WHAT THIS TASK INVOLVES:
Retype the entries below word for word, leaving out every picture.

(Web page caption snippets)
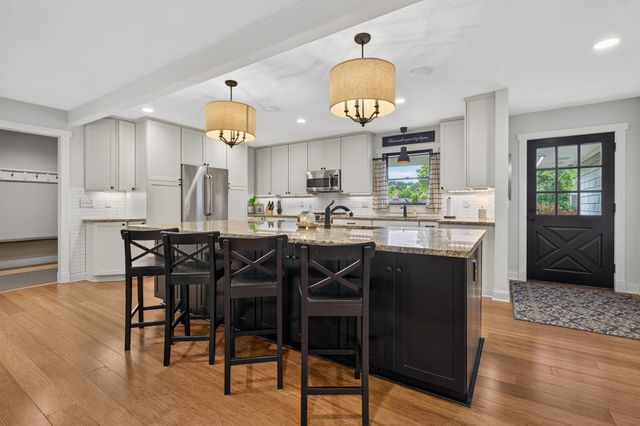 10351 Wildwood Circle, Bloomington, MN 55437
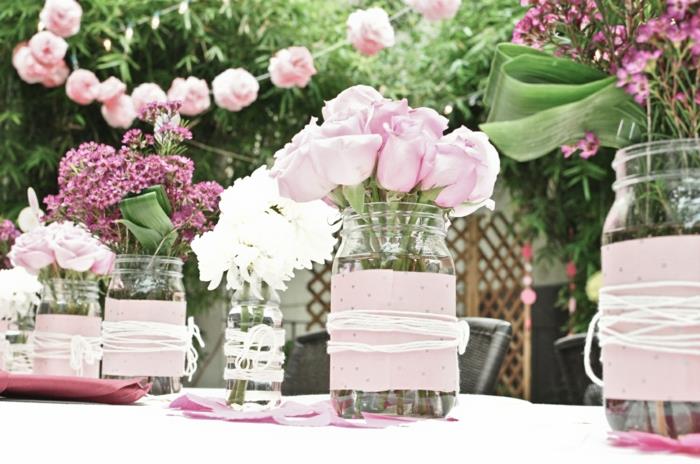 rustik-düğün-dekorasyon-fikirleri-düğün-masa-dekorasyon-çiçekler-vazo-orijinal-kişiselleştirilmiş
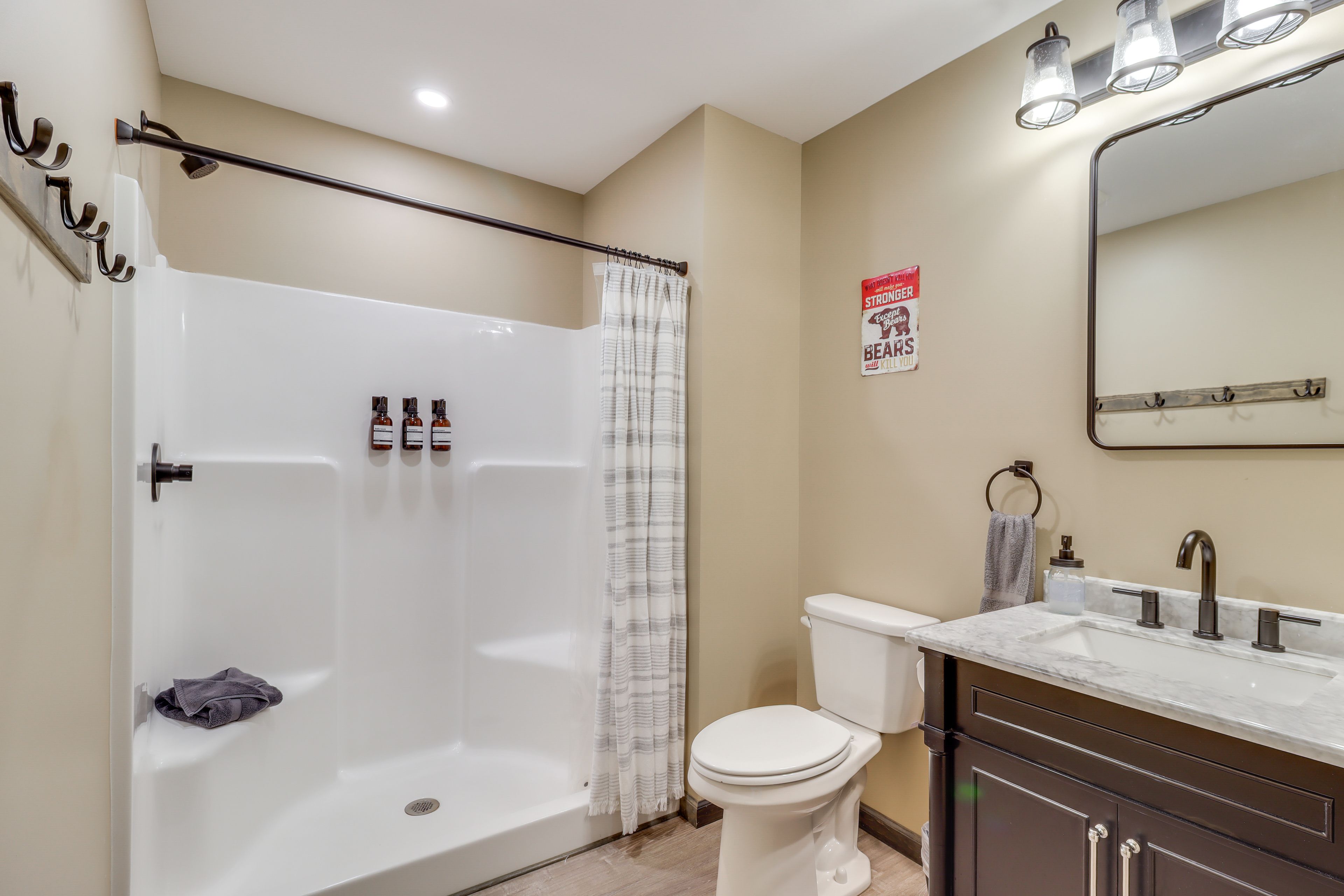 Full Bathroom | 3rd Floor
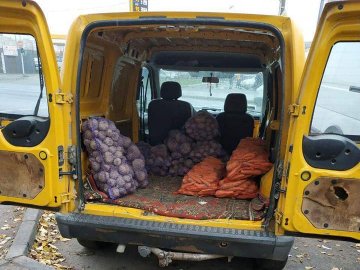 Оштрафували чоловіків, які торгували з авто в Луцьку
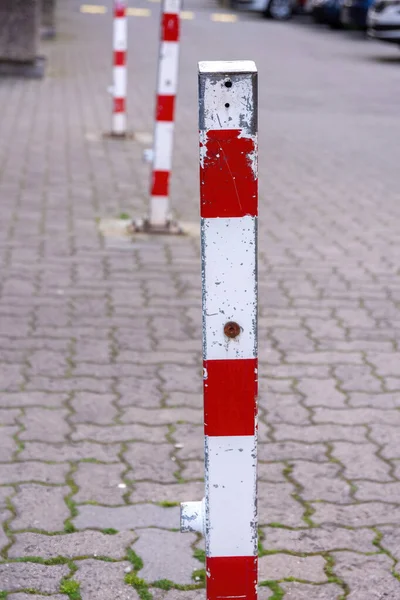 Czerwone Białe Słupy Metalowe Dla Bariery Drodze — Zdjęcie stockowe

RESULT FOR THIS EXERCISE:
 10351 Wildwood Circle, Bloomington, MN 55437
 rustik-düğün-dekorasyon-fikirleri-düğün-masa-dekorasyon-çiçekler-vazo-orijinal-kişiselleştirilmiş
 Full Bathroom | 3rd Floor
 Оштрафували чоловіків, які торгували з авто в Луцьку
 Czerwone Białe Słupy Metalowe Dla Bariery Drodze — Zdjęcie stockowe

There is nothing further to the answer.